River systems around the world are degraded and are being used unsustainably. Meeting this challenge requires the development of flexible regimes that have the potential to meet essential consumptive needs while restoring environmental flows. This book focuses on how water trading frameworks can be repurposed for environmental water recovery and aims to conceptualise the most appropriate role for law in supporting recovery through these frameworks.
The author presents a comprehensive study of the legal frameworks in four jurisdictions: the States of Oregon and Colorado in the western United States; the province of Alberta in Canada; and the Murray-Darling Basin in Australia/Basin State of New South Wales. A close comparative analysis of these four jurisdictions reveals a variety of distinctive regulatory arrangements and collaborations between public and private actors. In all cases, the law has been deployed to steer and coordinate these water governance activities.

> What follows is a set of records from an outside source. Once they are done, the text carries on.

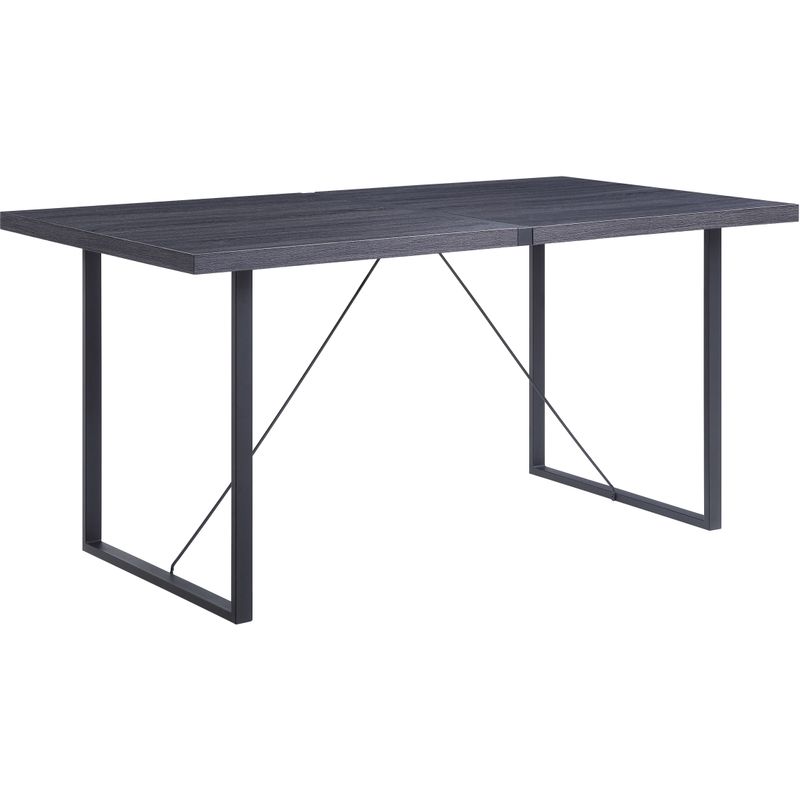 ACME Nakula Dining Table, Gray Oak & Black Finish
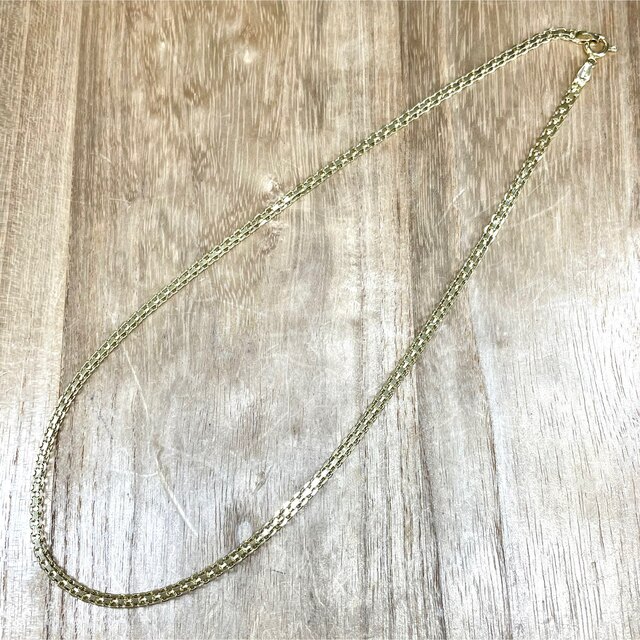 値引不可・イタリア製!k18 チェーン ネックレス 8.27g M1265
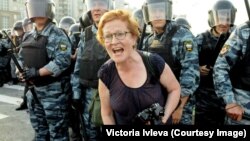 Photographer Victoria Ivleva (center) traveled across Ukraine in recent weeks, from the pro-West Maidan in Kyiv to pro-Russian demonstrations in Donetsk.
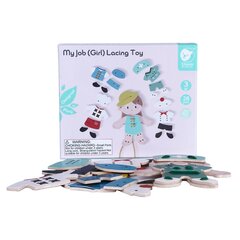 Деревянная пирсинг игра для детей, Классический мир цена и информация | Игрушки для девочек | pigu.lt
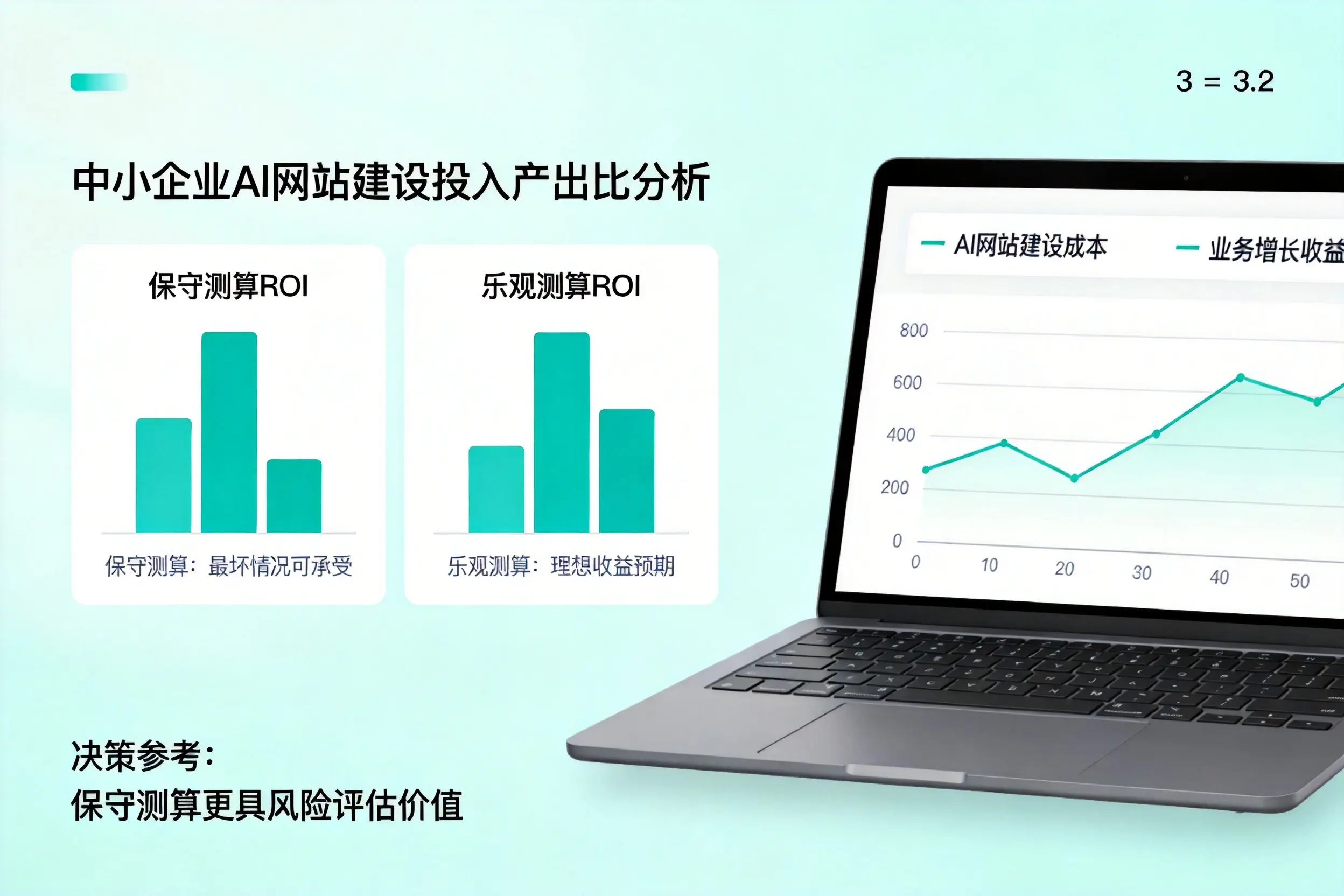 惠州中小企业AI网站建设投入产出比怎么算？先看这份分析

The book argues that each regime is based on a particular regulatory strategy, with different conceptions of the appropriate roles for, and relationships between, various actors and institutions. Legal frameworks do not have the capacity to rationalise and provide an overarching and absolute solution to the complex environmental and governance issues that arise in the context of environmental water transactions. Rather, the role of law in this context needs to be reconceptualised within the paradigm of regulatory capitalism as establishing and maintaining the limits within which regulatory participants can operate, innovate and collaborate.